July 17, 2014 6:24 pm

Norte, the End of History – film review

Lav Diaz’s film merges three interconnected tales inspired by Crime and Punishment

Lav Diaz, at 55 a semi-legendary veteran of the Asian avant-garde, believes in space and time. Space for his stories to breathe; time for them to grow and develop. The Filipino filmmaker’s features clock in at a barely programmable five, six, eight hours. His latest, Norte, the End of History, is a relative tiddler at 250 minutes. No wonder western distributors, previously Diaz-shy, have seized it.

Four hours contain three interconnected tales inspired by Dostoevsky’s Crime and Punishment. Fabian (Sid Lucero), a law school dropout turned anarchist, murders a moneylender and her daughter. Penurious family man Joaquin (Archie Alemania) is wrongly jailed. His wife (Angeli Bayani) is forced on to the streets as a vegetable cart vendor.

Each male character has moments to dazzle: the anarchist with his speeches, the injustice victim with his vaultings into the otherworldly (dream sequences, a “levitation”).
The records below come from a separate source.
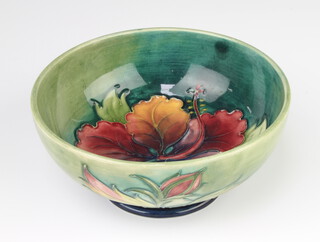 A Walter Moorcroft deep bowl, the green ground decorated the Hibiscus design, the base with impressed and signature mark 16cm 
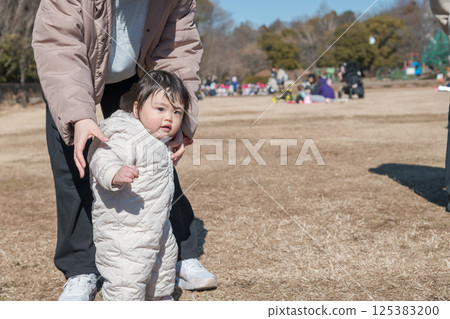 [A one-year-old child and his mother playing on the grass at Sagamihara City Asamizo Park] 125383200
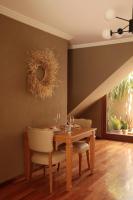 a dining room with a wooden table and chairs at Heura Petit Hotel in Ciudad Lujan de Cuyo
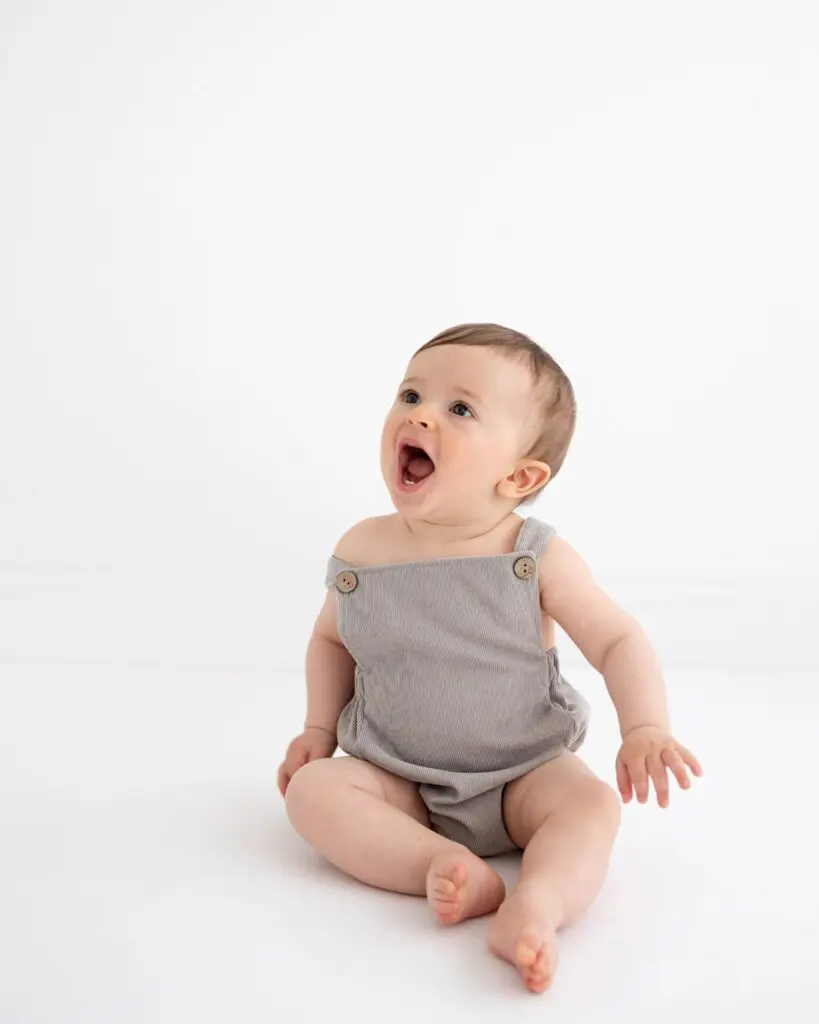 Laughing baby in a grey romper sitting against a white background – minimal studio portrait by Photography by Valentina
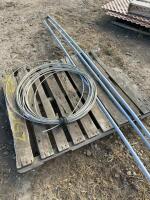 Pallet of three-quarter inch plastic conduit, and roll of aluminum wire
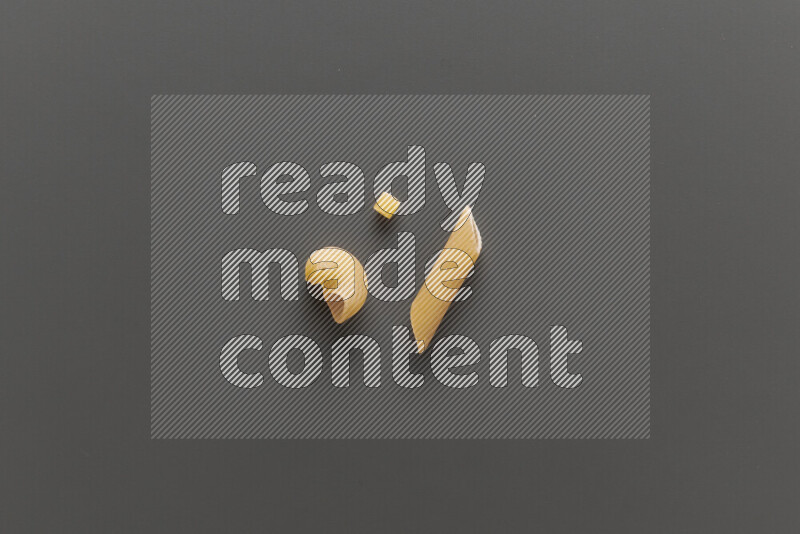 Different pasta types on grey background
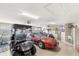 Spacious garage with a car and multiple golf carts at 2086 Biller Cir, The Villages, FL 32163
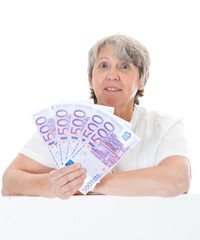 Seniorin hält Geld in die Kamera vor weißem Hintergrund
But there are longueurs along the way. The convict’s story sparks to life mainly in adversity (a brief, electrifying interplay with a brutal prison kingpin). And the “Raskolnikov” hero vanishes for long chunks, awkwardly re-engaging with us when he returns. Masterpiece? Not for me. Masterly elements, for sure. Spurts of vivid violence and dialectical debate. And some lapidary landscapes given visionary Lebensraum; though let’s avoid world-domination language or we’ll be up all night debating the leash-room we should allow ambitious ideologues and/or overambitious auteurs.